Task description
Word-for-word repetition of the records below is needed, but only from the line holding "Jeu de construction" through the final line, with pictures excluded.

Items from a data source
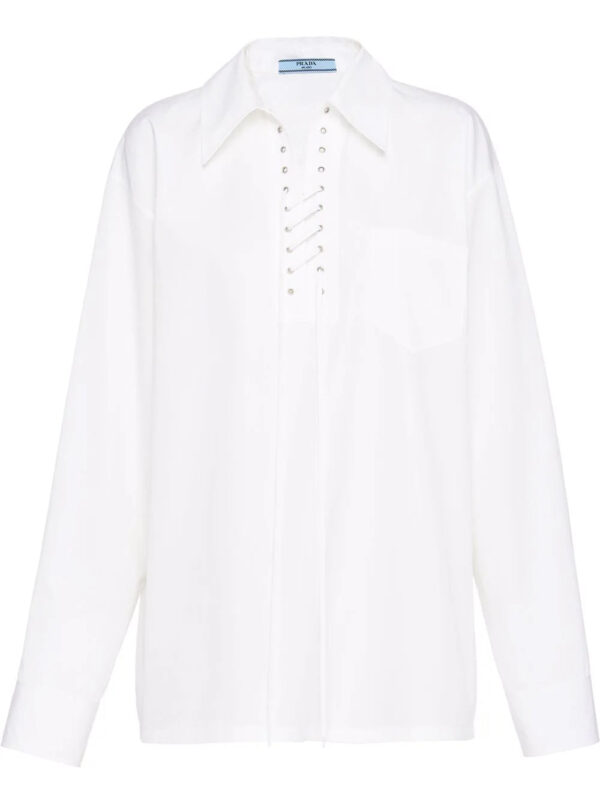 Prada  laced-placket long-sleeve tailored shirt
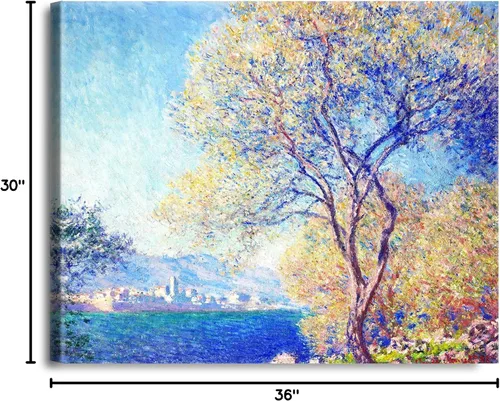 Vista 8 de A&T ARTWORK Antibes Seen from The Salis Gardens de Claude Monet Las Obras de Arte Clásico Mundial Reproducciones, Impresiones de Arte en Lienzo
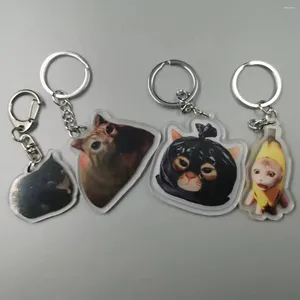 Keychains 2024 Cute Garbage Bag Cool Memes Keychain 3D Modeling Banana Cat Hooded Race Maxwell Student Gift Accessor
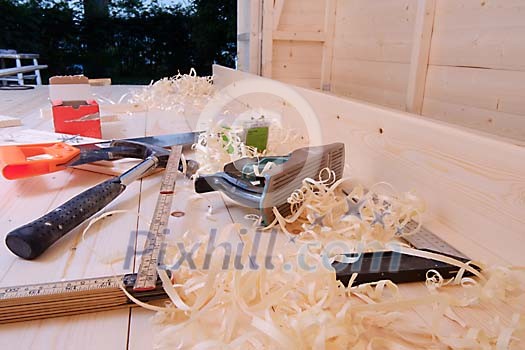 Woodworking tools at the construction site Woodworking tools at the construction site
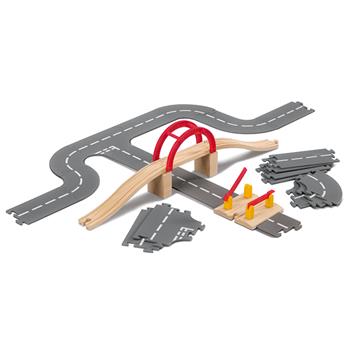 Jeu de construction de routes en bois 28 pcs.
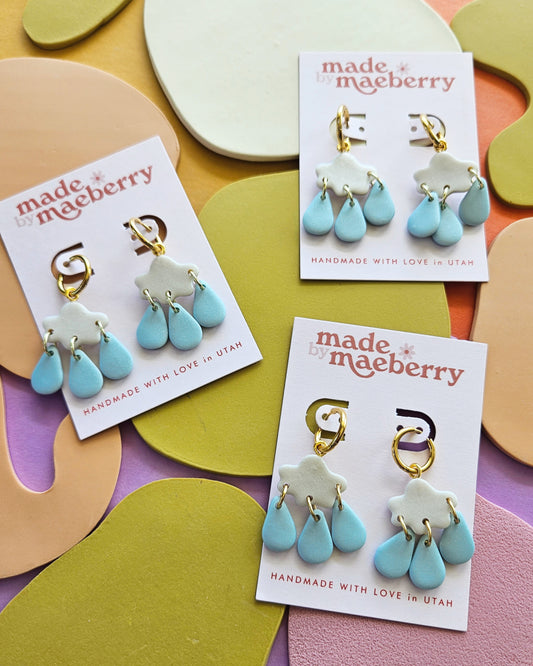 Rain Clouds Hoop Earrings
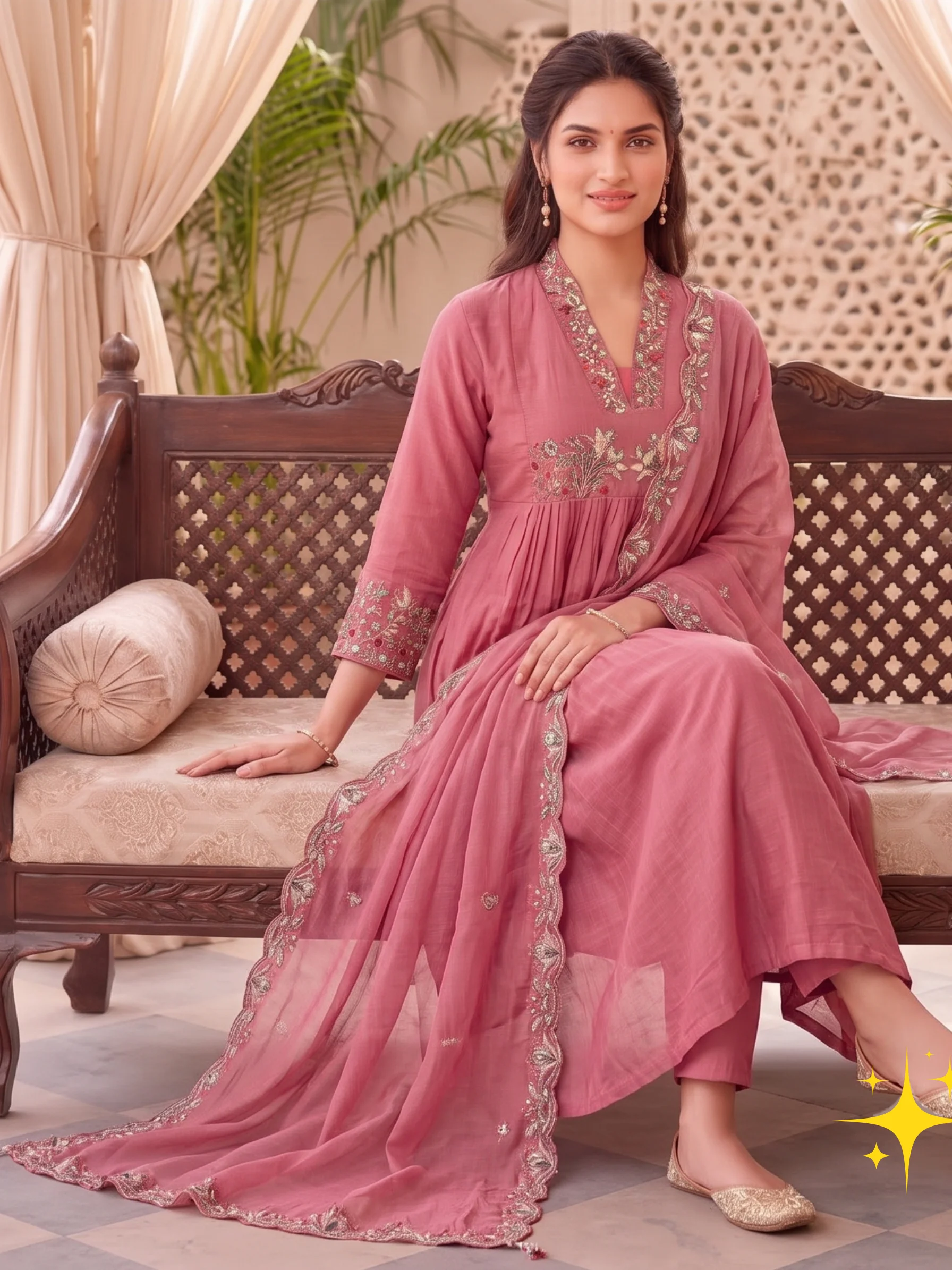 Anarkali Suit Set in Malchandri Cotton with Pleats & Floral Embroidery | Pink & Sage Green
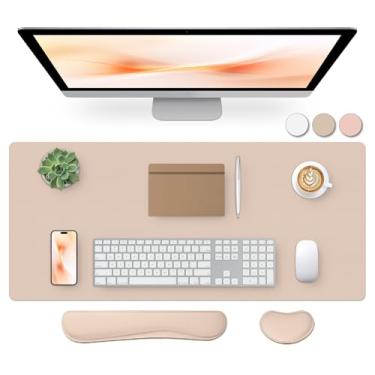 Imagem de Bloss Tapete de secretária em pele Bloss e descanso para o pulso do teclado, tapete grande para o rato + tapete para o teclado + apoio para o pulso do rato (90x40cm, bege)
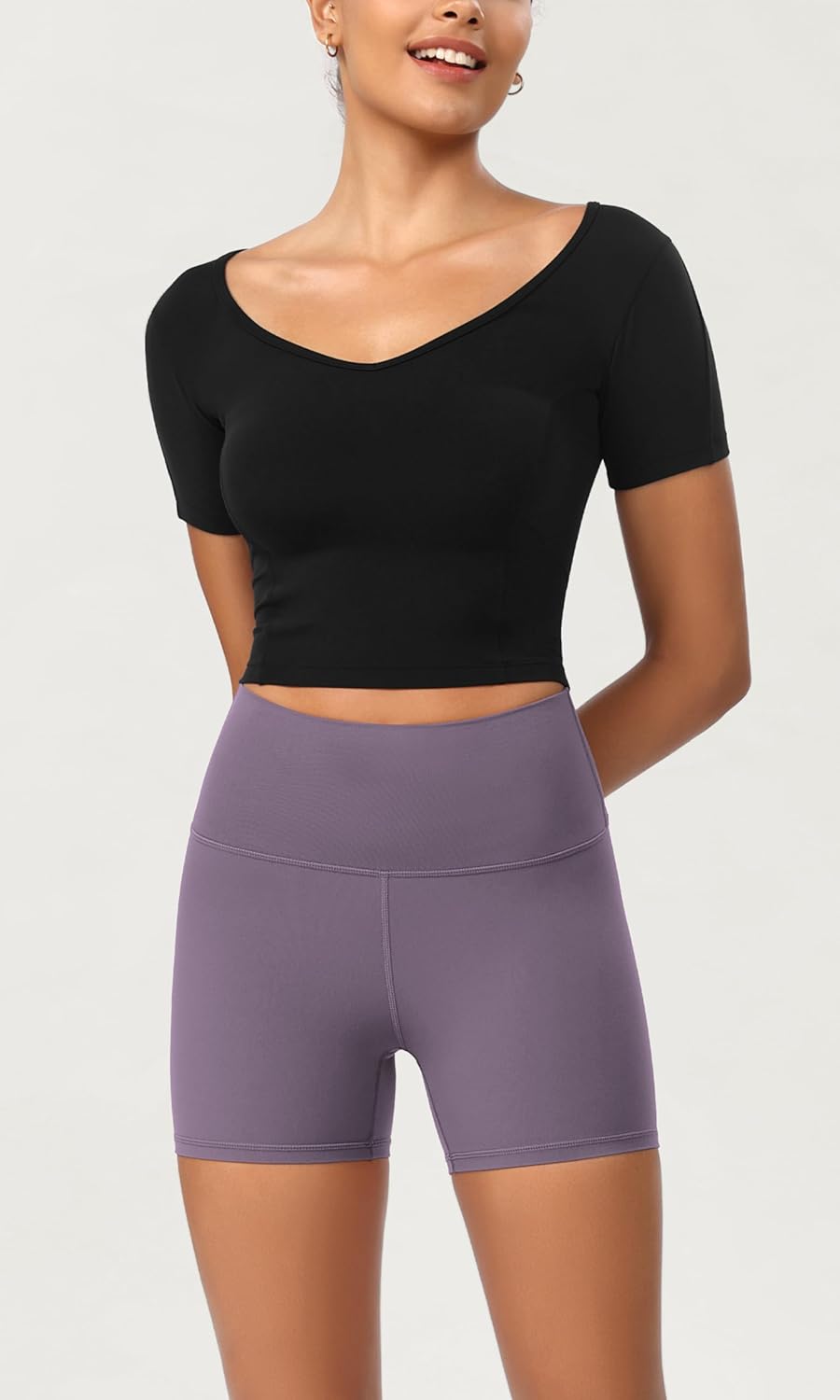 ODODOS ODCLOUD 2Pack Lounge Yoga Shorts for Women 4quot  6quot  8quot 10quot High Waist Buttery Soft Biker ShortsBlackash Violet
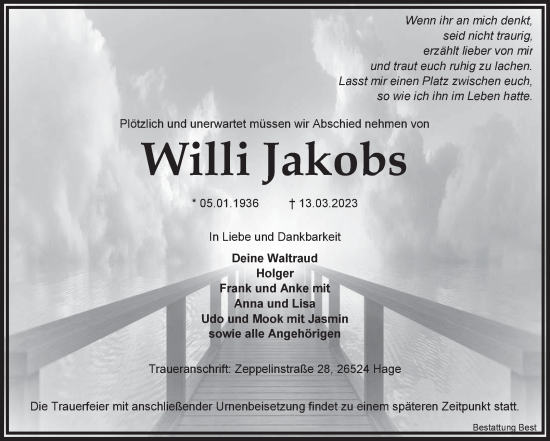 Traueranzeige von Willi Jakobs 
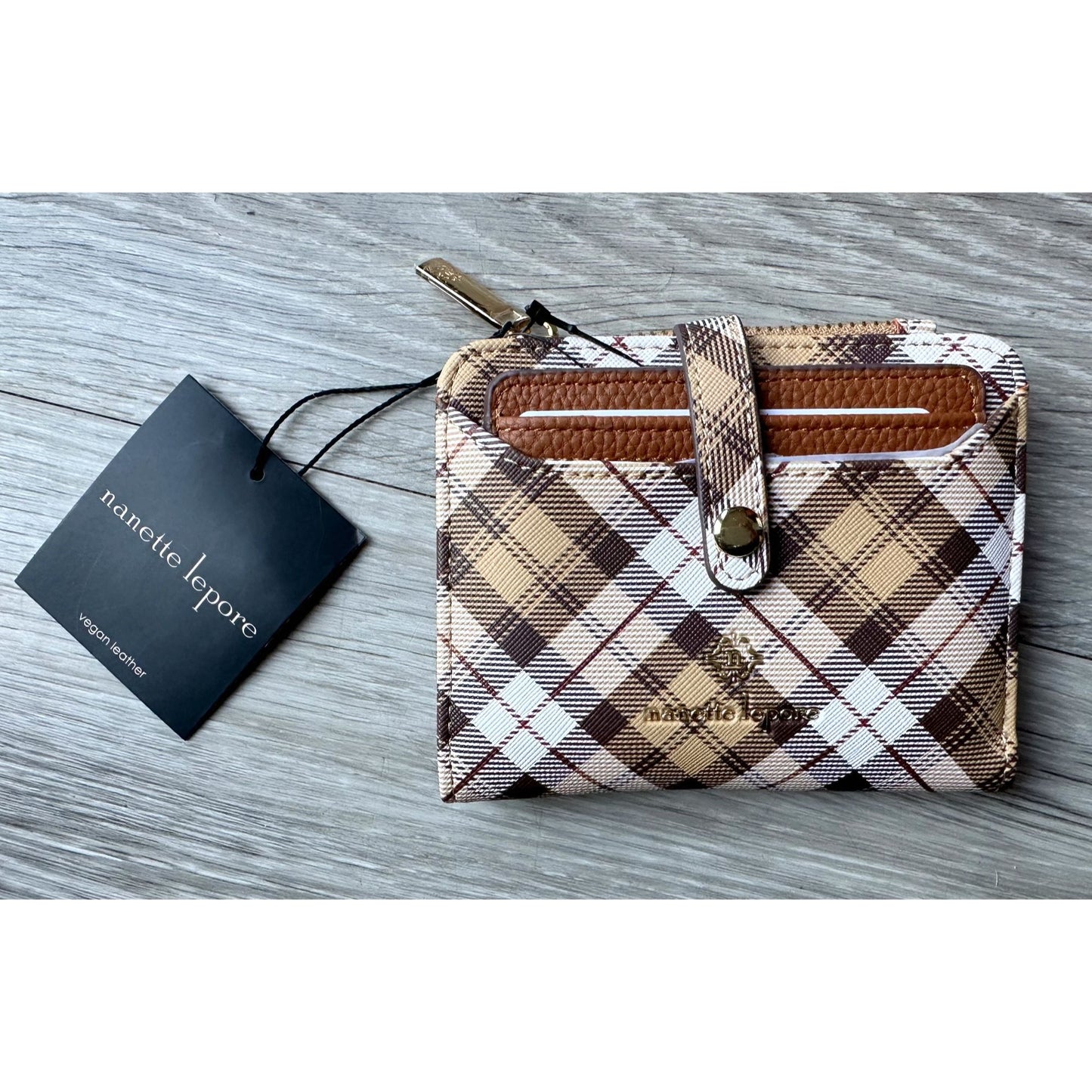 Nanette Lepore Tan Tartan Plaid Bifold Wallet Removable with ID / Card Insert - NWT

Exercise result
 Jeu de construction de routes en bois 28 pcs.
 Rain Clouds Hoop Earrings
 Anarkali Suit Set in Malchandri Cotton with Pleats & Floral Embroidery | Pink & Sage Green
 Imagem de Bloss Tapete de secretária em pele Bloss e descanso para o pulso do teclado, tapete grande para o rato + tapete para o teclado + apoio para o pulso do rato (90x40cm, bege)
 ODODOS ODCLOUD 2Pack Lounge Yoga Shorts for Women 4quot  6quot  8quot 10quot High Waist Buttery Soft Biker ShortsBlackash Violet
 Traueranzeige von Willi Jakobs 
 Nanette Lepore Tan Tartan Plaid Bifold Wallet Removable with ID / Card Insert - NWT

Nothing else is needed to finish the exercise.